Records supplied —
--- --- ---

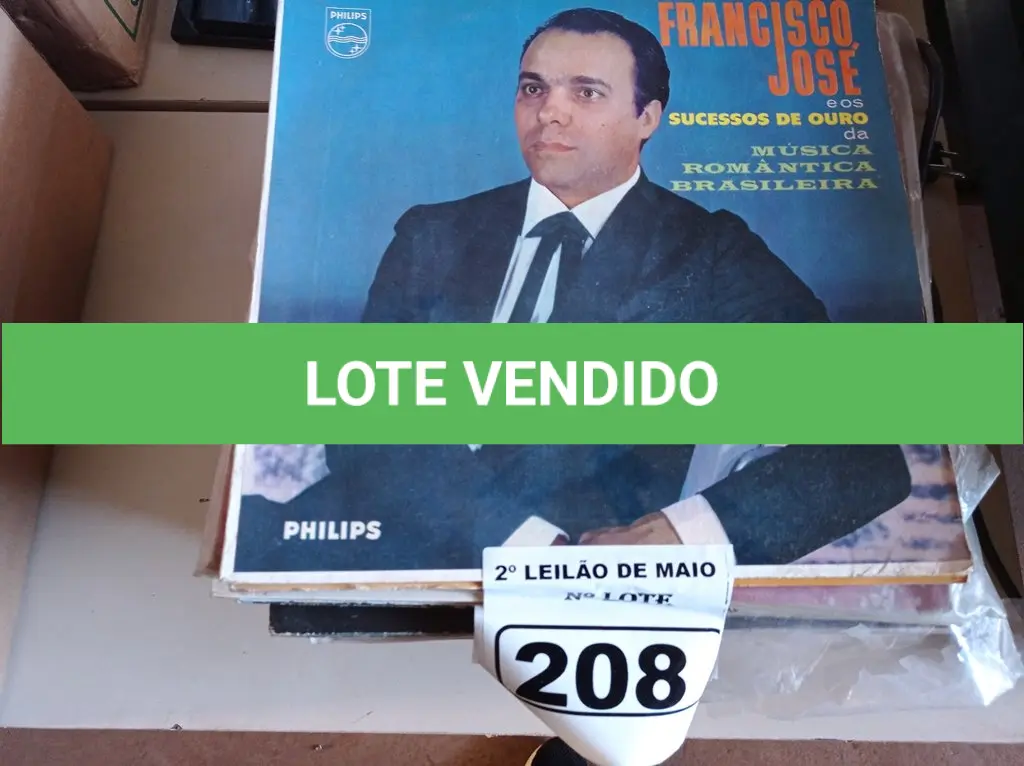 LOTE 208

--- --- ---

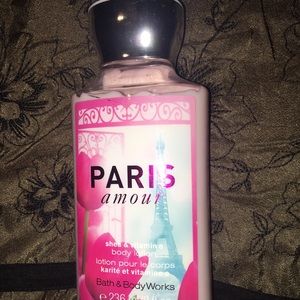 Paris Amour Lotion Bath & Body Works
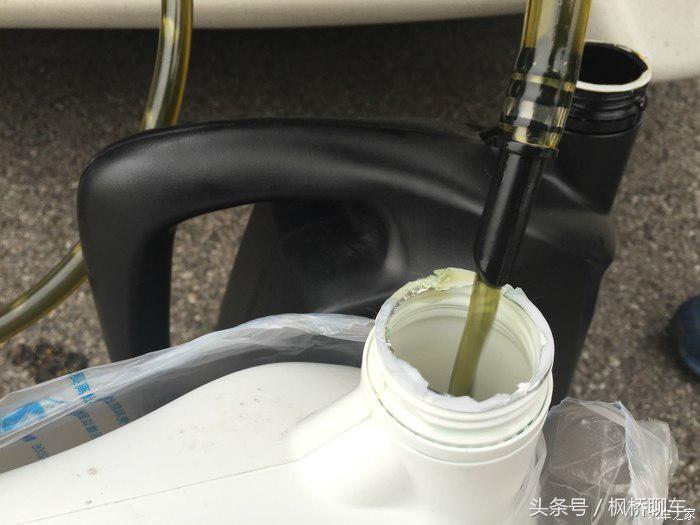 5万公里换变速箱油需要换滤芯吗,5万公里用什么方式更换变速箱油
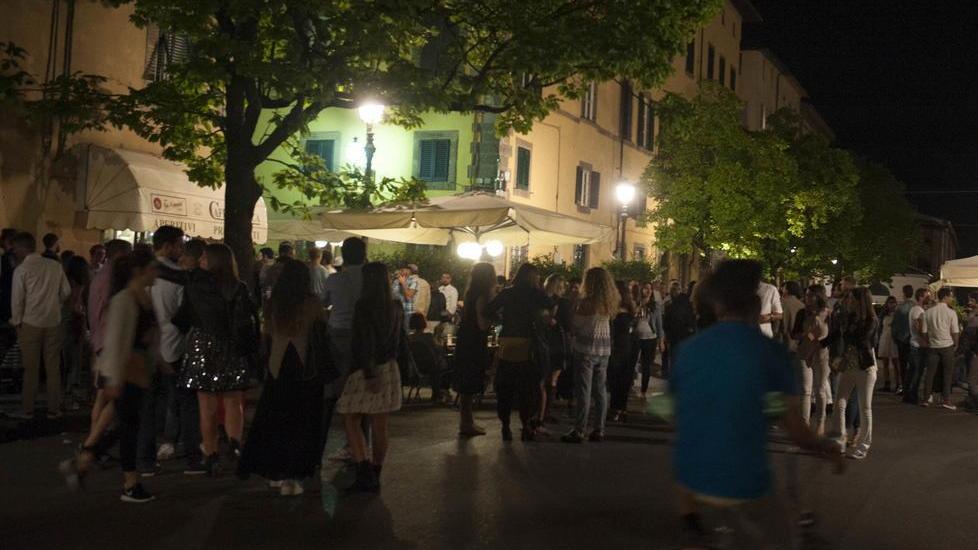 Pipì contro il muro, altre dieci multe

--- --- ---

Set the pictures aside and transcribe exactly the stretch of lines above, beginning with the one holding "Paris Amour Lotion Bath & Body Works" and ending with the one holding "Pipì contro il muro, altre dieci multe".

Reply —
 Paris Amour Lotion Bath & Body Works
 5万公里换变速箱油需要换滤芯吗,5万公里用什么方式更换变速箱油
 Pipì contro il muro, altre dieci multe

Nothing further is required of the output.